Mumsnet has not checked the qualifications of anyone posting here. If you need help urgently or expert advice, please see our domestic violence webguide and/or relationships webguide. Many Mumsnetters experiencing domestic abuse have found this thread helpful: Listen up, everybody

Do you think I text him too much?

58 replies

simdd · 15/06/2020 09:50

This last week I've noticed.
I text him a lot.
It's me starting the conversation a lot of the time.
He reply's and continues the conversation but I feel like I'm annoying him.
Sometimes he ignores me for hours (this is why I think I'm annoying him )
Il text him on a morning then carry on the conversation all day (or try )
Today I'm trying to wait for him to text first(maybe show him I'm not glued to my phone)
Do you think I'm texting far too much ?

OP posts:
Badtasteflump · 16/06/2020 10:43

To be fair to the OP, it might not be her - there must be thousands of women out there putting up with this kind of crap, and with lockdown they have more time on their hands to think about nothing else ☹. And actually if it is her who keeps posting, so what? If a friend of yours kept saying she was going to leave an abusive man and then didn't, would you just lose patience or would you keep trying to help?

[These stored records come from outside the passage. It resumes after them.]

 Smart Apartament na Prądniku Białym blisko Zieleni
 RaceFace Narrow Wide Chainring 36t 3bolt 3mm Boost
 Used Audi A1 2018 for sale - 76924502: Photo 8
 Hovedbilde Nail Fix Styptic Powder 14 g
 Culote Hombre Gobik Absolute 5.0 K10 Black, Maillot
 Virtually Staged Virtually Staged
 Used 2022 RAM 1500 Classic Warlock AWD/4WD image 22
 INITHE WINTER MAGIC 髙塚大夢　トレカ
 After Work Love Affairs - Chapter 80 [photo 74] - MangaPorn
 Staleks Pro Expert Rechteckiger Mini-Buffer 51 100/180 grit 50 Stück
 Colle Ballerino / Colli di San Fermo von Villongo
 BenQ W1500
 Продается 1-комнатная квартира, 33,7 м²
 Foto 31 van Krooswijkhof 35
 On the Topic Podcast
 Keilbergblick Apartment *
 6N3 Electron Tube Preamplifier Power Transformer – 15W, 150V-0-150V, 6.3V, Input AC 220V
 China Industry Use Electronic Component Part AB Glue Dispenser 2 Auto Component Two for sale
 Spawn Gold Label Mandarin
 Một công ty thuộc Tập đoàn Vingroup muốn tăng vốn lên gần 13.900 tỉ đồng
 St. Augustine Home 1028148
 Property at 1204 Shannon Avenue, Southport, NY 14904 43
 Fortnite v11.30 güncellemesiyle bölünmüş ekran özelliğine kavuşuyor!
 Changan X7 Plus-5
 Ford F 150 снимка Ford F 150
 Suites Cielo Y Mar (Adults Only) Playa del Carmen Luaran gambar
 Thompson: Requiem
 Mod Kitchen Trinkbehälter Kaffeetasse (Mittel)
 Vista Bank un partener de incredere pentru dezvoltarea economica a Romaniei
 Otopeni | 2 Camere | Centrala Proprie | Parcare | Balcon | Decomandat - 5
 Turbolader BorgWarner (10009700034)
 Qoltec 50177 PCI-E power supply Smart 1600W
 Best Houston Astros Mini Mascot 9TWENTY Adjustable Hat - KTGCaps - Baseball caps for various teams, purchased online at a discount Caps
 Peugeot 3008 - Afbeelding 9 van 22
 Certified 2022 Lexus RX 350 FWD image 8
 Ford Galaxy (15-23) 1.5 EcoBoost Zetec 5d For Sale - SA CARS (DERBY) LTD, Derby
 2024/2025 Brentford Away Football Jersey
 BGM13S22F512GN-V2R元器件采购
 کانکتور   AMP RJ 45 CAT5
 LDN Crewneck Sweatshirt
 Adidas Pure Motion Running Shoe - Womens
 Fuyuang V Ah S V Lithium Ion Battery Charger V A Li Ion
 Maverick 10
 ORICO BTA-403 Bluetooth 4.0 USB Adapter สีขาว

backseatcookers · 16/06/2020 14:13

If a friend of yours kept saying she was going to leave an abusive man and then didn't, would you just lose patience or would you keep trying to help?

I would keep trying to help but my approach and advice would be different if it (this very obviously unhealthy relationship and communication) was happening with one guy, for a little while versus it happening with one guy for months on end or happening with every guy all the time.

If it's the same poster again she needs help, I'm not saying that to be snarky - it is so unhealthy to have this dynamic and keep going back for more and more.

Under this username there are a couple of threads about this, on one of them OP says she gets nothing out of the relationship and it makes her feel shit about herself and she wishes she could end it.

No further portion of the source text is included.